This section describes how to use Snakemake workflows as Fair Digital Objects (FDOs) managed by the MaRDI DOIP server. The process is split into two main roles:
- System Preparation — one-time setup of Mamba/Conda, Snakemake, and the FDO client on Windows, Linux, or macOS
- Creating a Workflow FDO — developing, packaging, and registering a workflow as an FDO (Creator role)
- Executing a Workflow — fetching and running a registered workflow via its PID (User role)
See also: workflow example.
How It Works¶
The MaRDI knowledge graph already models the relationships between research artifacts — publications, methods, datasets, and workflows — as connected items. Making a workflow FAIR within this infrastructure means ensuring that the actual files are stored and linked to those existing items, so the MaRDI DOIP server can resolve and serve them.
The process for a Creator comes down to three steps:
- Create a workflow item in the MaRDI knowledge graph to obtain a stable QID
- Package the workflow and its dependencies as a Workflow RO-Crate — a self-contained, executable archive
- Upload the RO-Crate to MaRDI storage under the workflow's QID
Once uploaded, the MaRDI FDO server automatically detects the stored file and exposes it in the FDO manifest. The MaRDI DOIP server can then resolve and serve the workflow by its QID without any further registration steps.
Anyone can then retrieve the workflow, its metadata, and the associated datasets through the MaRDI DOIP server using standard identifiers — and re-execute it reproducibly on any platform.
Considerations¶
Conda¶
This strategy relies on Conda environment management to ensure reproducibility across platforms without needing Docker or OS compatibility layers. Conda is the underlying package manager and environment system; several distributions bundle it.

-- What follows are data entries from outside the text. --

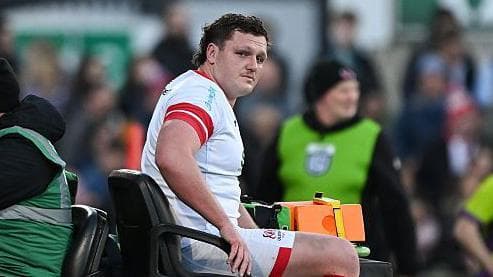Ulster's injury list grows before trip to Munster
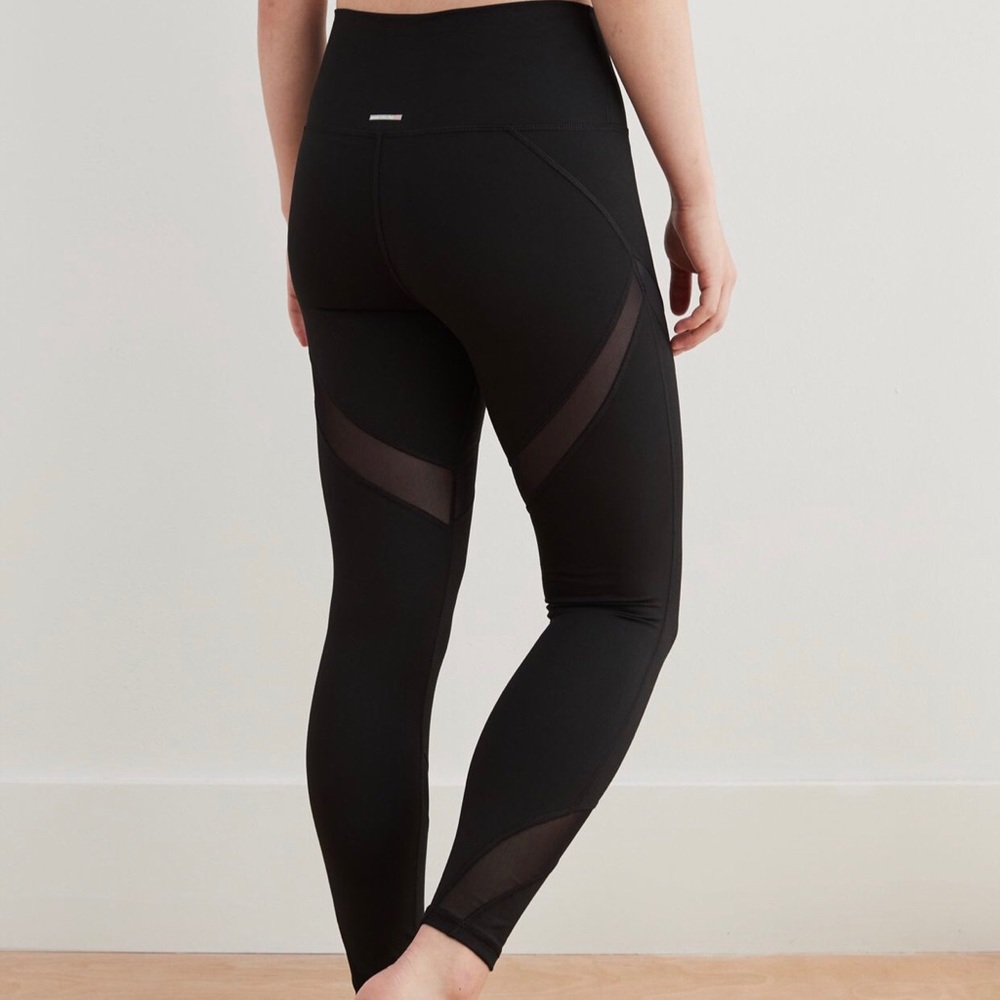 Black Aerie Leggings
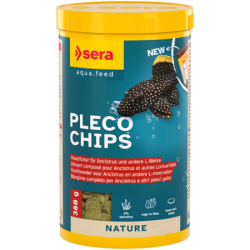 sera Pleco Chips 1000ml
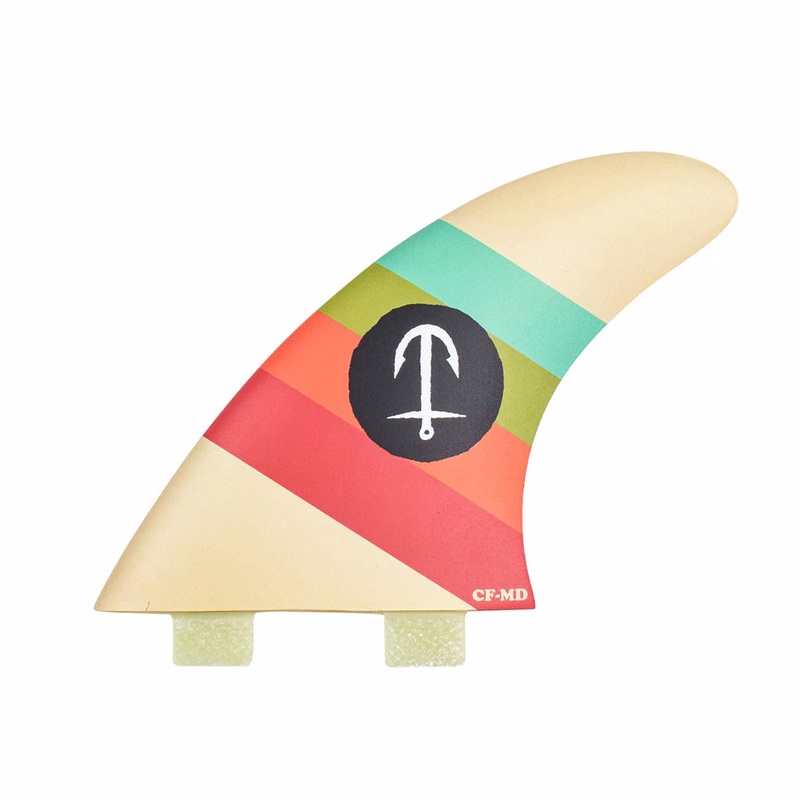 CAPTAIN FIN CF TRI FCS M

Miniforge is the recommended choice: it defaults to the community-maintained conda-forge channel, ships with Mamba (a significantly faster dependency resolver) out of the box, and carries no licensing restrictions. The alternatives have drawbacks — Miniconda defaults to the defaults channel (Anaconda ToS), and Anaconda ships ~3 GB of pre-installed packages with commercial licensing restrictions for larger organisations.
| Distribution | Size | Default Channel | Includes Mamba | License |
|---|---|---|---|---|
| Miniforge ✓ | Minimal | conda-forge | Yes | No restrictions |
| Miniconda | Minimal | defaults | No | Anaconda ToS |
| Anaconda | ~3 GB | defaults | No | Commercial restrictions |
EOSC Compatibility¶
Workflows are kept within the MaRDI ecosystem but packaged using EOSC-compatible standards, meaning they can be understood and reused by tools and communities in the broader EOSC/ELIXIR landscape without requiring registration in any external registry. Compatibility is achieved through packaging standards rather than external registration — Snakemake remains the sole execution engine, and workflows stay registered exclusively within the MaRDI DoIP infrastructure. A workflow packaged this way can be imported into WorkflowHub or consumed by any EOSC-compatible tooling at any point in the future, without changes to the workflow itself.
| Standard | Role | Status |
|---|---|---|
| Workflow RO-Crate | Packaging format | ✓ Adopted |
| Workflow Testing RO-Crate | Test case declaration | ✓ Adopted |
ro-crate-py |
RO-Crate generation tooling | ✓ Adopted |
CITATION.cff |
Attribution metadata | ✓ Adopted |
| Snakemake version pinning | Reproducibility | ✓ Adopted |
| CWL | Engine-agnostic workflow description | — Not required |
| WorkflowHub registration | External registry | — Not required |
Reproducibility¶
Reproducibility is guaranteed at three levels. At the environment level, every Snakemake rule declares a version-locked environment.yaml; Mamba rebuilds identical isolated environments from these on any platform. At the engine level, the Snakemake version itself is pinned inside the RO-Crate metadata, so the workflow always runs against the same engine it was developed with. At the data level, the DoIP server stores a SHA-256 checksum alongside each registered RO-Crate; the FDO client verifies this checksum before execution and aborts if it does not match, ensuring the workflow has not been altered since registration.
Licensing¶
The choice of Conda distribution has licensing implications for organisations: Anaconda and Miniconda use the defaults channel, which is subject to Anaconda's commercial terms for organisations above a certain size. Miniforge avoids this entirely by defaulting to the community-maintained conda-forge channel. Workflow artifacts themselves should include a CITATION.cff file to declare authorship and terms of reuse, and a README.md to document intended use — both are required components of a valid Workflow RO-Crate package.